Victor Lobry (ex-ASSE) : "J’ai été immédiatement orienté vers le chirurgien avec lequel le club travaille depuis plusieurs années. L’accompagnement médical a été irréprochable. Depuis près de trois mois, je passe quotidiennement entre cinq et six heures avec les kinés. Nous travaillons ensemble tous les jours, sans exception. Ils ont bien sûr un rôle médical central, mais aussi un rôle humain important. Ce sont parfois des confidents, avec qui on partage beaucoup. »
Victor Lobry (ex-ASSE) : "Quand on ne peut plus être sur le terrain, il faut trouver d’autres moyens d’exister dans le groupe. En début de saison, j’avais été nommé capitaine par le coach, avec la mission de conserver un rôle fort dans le vestiaire. D’autant plus que l’effectif est assez jeune. J’ai toujours été un leader par l’exemple. Aujourd’hui, je ne peux plus m’appuyer sur cet aspect-là. Il faut donc davantage prendre la parole, accompagner mes coéquipiers autrement, être plus présent dans l’échange.
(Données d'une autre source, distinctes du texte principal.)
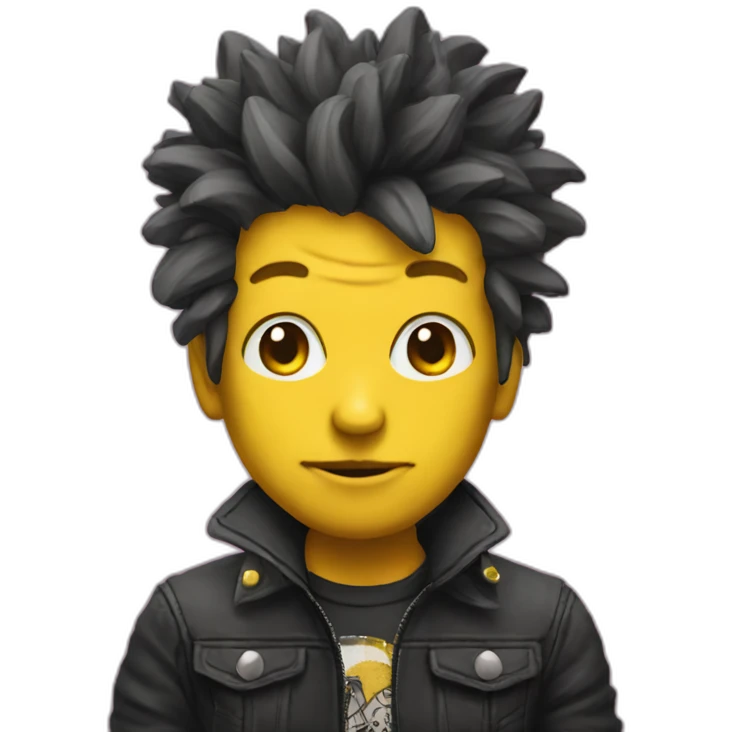 mustard-punk emoji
C’est quelque chose qui me fait grandir. »
Victor Lobry (ex-ASSE) : "Faire appel à un psychologie ? Je n’ai pas encore pris contact, mais j’envisage de le faire dans la seconde partie de ma réathlétisation, afin de préparer au mieux mon retour. J’avais déjà travaillé avec une préparatrice mentale lors d’une période sans club, et cela m’avait énormément aidé. Je pense que le mental est un aspect encore trop négligé dans le football.[...] À niveau égal, ce qui fait la différence, c’est l’état d’esprit à un instant donné. Et cela se travaille. Longtemps, ce sujet a été tabou dans le milieu, mais les mentalités évoluent, et c’est une très bonne chose. »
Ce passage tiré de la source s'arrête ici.